L’homme du Niger (Jacques de Baroncelli, 1939)

Au Niger, un ingénieur qui voulait entreprendre de grands travaux d’irrigation disparaît avec l’aide de son ami médécin lorsqu’il apprend qu’il a attrapé la lèpre.

Derrière le mélo colonial à l’écriture souffreteuse (théâtral et mal construit), il y a un étonnant et digne mélo homosexuel. Les séquences entre Harry Baur et Victor Francen sont d’une belle force émotionnelle.

Le bataillon dans la nuit (Hold back the night, Allan Dwan, 1956)

En Corée, un officier chargé d’une périlleuse mission se souvient de plusieurs moments avec sa femme.

La maigreur du budget dont découle notamment une abondance de mauvaises transparences altère la vérité spectaculaire des batailles tandis que la vulgaire convention des ressorts dramatiques et les mimiques exagérées de John Payne empêchent la vérité humaine d’affleurer malgré deux flash-backs intéressants (sur trois) dans lesquels Dwan retrouve un tout petit peu de la justesse intimiste de Iwo Jima.

La belle du Montana (Belle Le Grand, Allan Dwan, 1951)

En 1870, une joueuse professionnelle tente d’empêcher sa petite soeur, chanteuse d’opéra qu’elle n’a guère connu parce qu’elle était en prison, de tomber dans les griffes de l’homme qui la fit sombrer.

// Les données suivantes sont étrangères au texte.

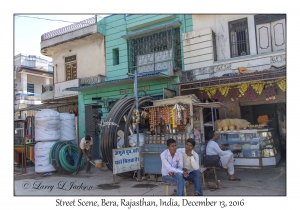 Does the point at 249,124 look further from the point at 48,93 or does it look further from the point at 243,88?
the point at 48,93

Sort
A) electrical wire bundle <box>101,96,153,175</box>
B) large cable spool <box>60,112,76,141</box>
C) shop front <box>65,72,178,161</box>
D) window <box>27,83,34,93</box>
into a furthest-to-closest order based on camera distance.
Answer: window <box>27,83,34,93</box>, shop front <box>65,72,178,161</box>, large cable spool <box>60,112,76,141</box>, electrical wire bundle <box>101,96,153,175</box>

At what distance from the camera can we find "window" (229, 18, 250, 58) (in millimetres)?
9367

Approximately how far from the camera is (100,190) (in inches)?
256

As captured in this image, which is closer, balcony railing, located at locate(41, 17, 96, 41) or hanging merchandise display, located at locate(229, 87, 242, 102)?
hanging merchandise display, located at locate(229, 87, 242, 102)

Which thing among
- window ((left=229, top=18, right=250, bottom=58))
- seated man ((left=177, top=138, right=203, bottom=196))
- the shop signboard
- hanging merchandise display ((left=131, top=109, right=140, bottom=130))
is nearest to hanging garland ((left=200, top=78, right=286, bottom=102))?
window ((left=229, top=18, right=250, bottom=58))

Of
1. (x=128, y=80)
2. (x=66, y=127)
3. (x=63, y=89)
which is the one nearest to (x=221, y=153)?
(x=128, y=80)

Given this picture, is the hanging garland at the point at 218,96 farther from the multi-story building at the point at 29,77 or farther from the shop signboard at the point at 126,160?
the multi-story building at the point at 29,77

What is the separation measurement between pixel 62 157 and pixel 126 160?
10.4ft

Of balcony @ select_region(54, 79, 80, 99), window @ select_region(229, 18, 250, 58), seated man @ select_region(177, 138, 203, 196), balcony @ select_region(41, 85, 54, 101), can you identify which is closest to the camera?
seated man @ select_region(177, 138, 203, 196)

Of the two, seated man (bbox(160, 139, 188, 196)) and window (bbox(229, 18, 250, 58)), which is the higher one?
window (bbox(229, 18, 250, 58))

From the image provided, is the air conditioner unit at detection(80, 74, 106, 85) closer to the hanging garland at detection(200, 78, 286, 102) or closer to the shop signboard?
the hanging garland at detection(200, 78, 286, 102)

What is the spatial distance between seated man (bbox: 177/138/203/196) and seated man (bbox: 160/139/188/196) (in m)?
0.16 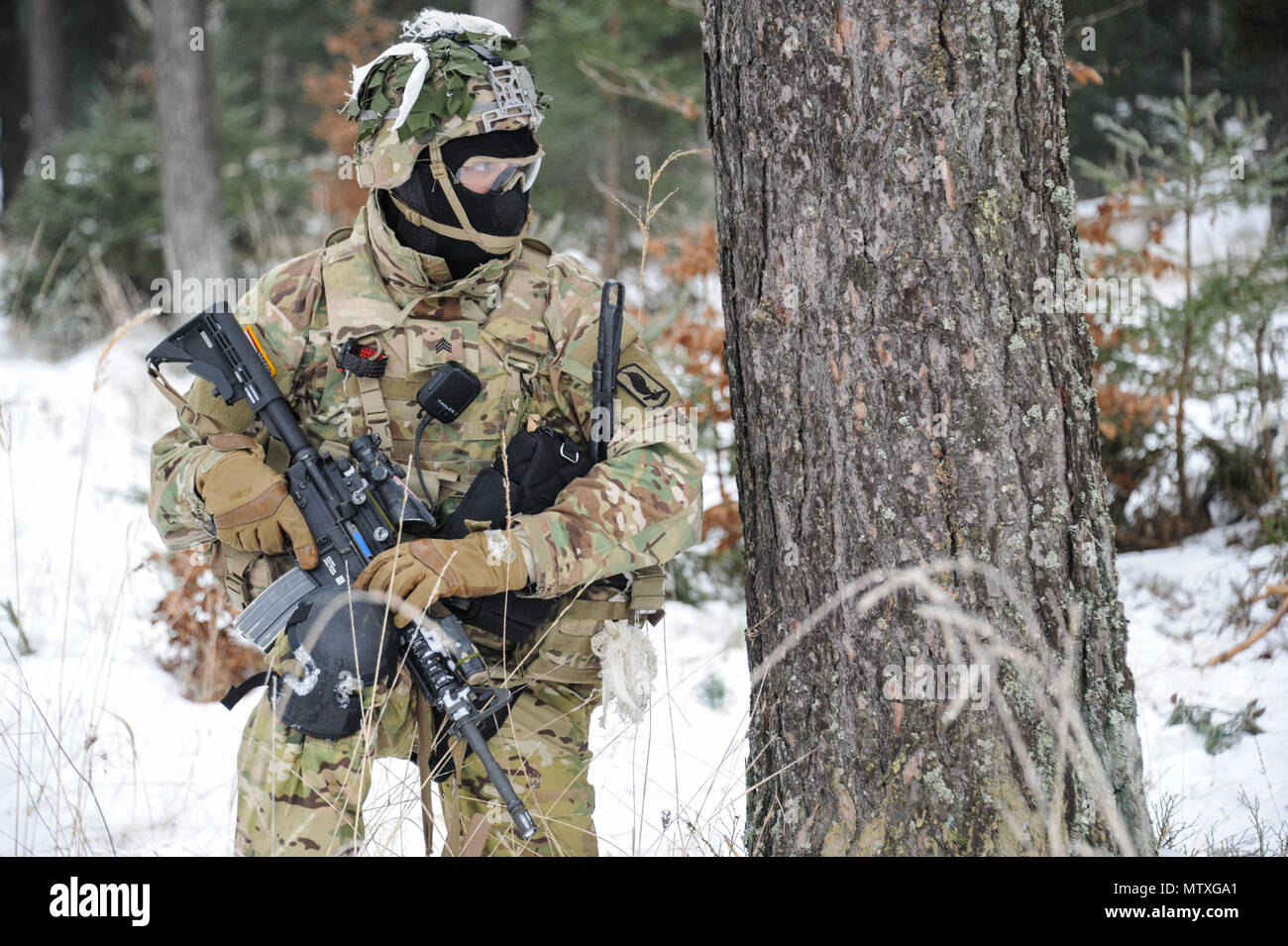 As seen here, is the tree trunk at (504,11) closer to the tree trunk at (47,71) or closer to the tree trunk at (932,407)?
the tree trunk at (932,407)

Belle le Grand se situe à mi-chemin exact entre le western et le mélodrame, genre auquel il s’apparente par la nature des péripéties mais pas par le ton, toujours pudique voire feutré. Lors des séquences dramatiques, un plan final sur le visage féminin suffit à évoquer son tourment, sans qu’il ne soit besoin d’épanchement lacrymal. Le découpage fluide et concis sert un récit pas si conventionnel que ça, dont les ressorts dramaturgiques sont canoniques mais où les registres varient et où la compassion des auteurs pour chacun des personnages engendre des surprises. C’est très typique de Dwan. A noter enfin l’importance de la musique, airs d’opéra et negro spirituals, qui vient poétiser la parabole romanesque. A ce titre, le sommet est le superbe travelling du retour de Belle chez ses esclaves.